Style and Technique

(Comprehensive Guide to Short Stories, Critical Edition)

“Roses, Rhododendron” has a simple plot line. It begins in the first paragraph with a tense situation: Jane’s father has abandoned his family. The spirits tell Margot to take her belongings and her daughter and move. They follow this seemingly irrational plan, and the story unfolds. At the end, rather than a climax of action, the narrator slowly comes to realize what it all meant to her life. To add depth to this narrative, Adams writes with her characteristic understated language and adds the special technique of inserting her adult self into the story line using parentheses.

Adams uses only enough details to let the reader know there is emotion beneath the surface. In the scene where the Farrs quarrel, for example, she shows their reactions but does not detail the events that precede them. She mentions flowers frequently but does not describe colors and textures. The emotional undertones are implicit, which enhances the portrait of the Farr family, in which so much lies buried below the surface. Spare details also suit the character of Jane, who does not wish to look beyond appearances.

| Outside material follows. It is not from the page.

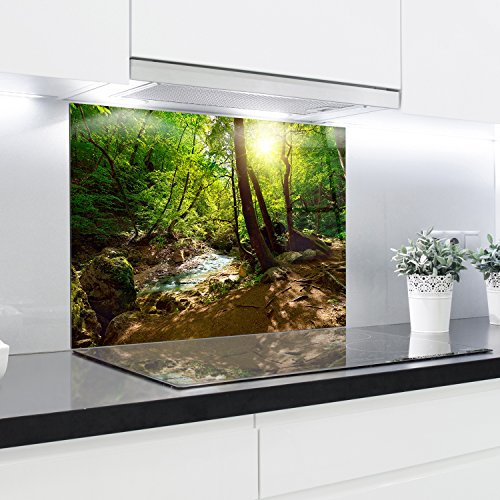 Splashback Tempered Glass Heat Resistant Toughened Decorative – 90 x 65 cm – 4 mm Thick – Perfect behind Gas, Ceramic and Induction Cookers – Easy to Clean and Hang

To comment on those things that a ten-year-old child would not realize, Adams inserts herself into the narrative with the use of parentheses. Adams also uses this technique to indicate places where Jane thinks something, but, in her attempt to be like the Farrs, does not want them to know. Sometimes, Adams inserts comments without the parentheses. The result is that the memory is richer because it is seen from several different points of view.

These techniques enrich Adams’s themes by emphasizing what is important in a woman’s life, the development that lies beneath the surface character. The undertones also enrich the symbolism of the two flowers, both of which are beautiful in different ways.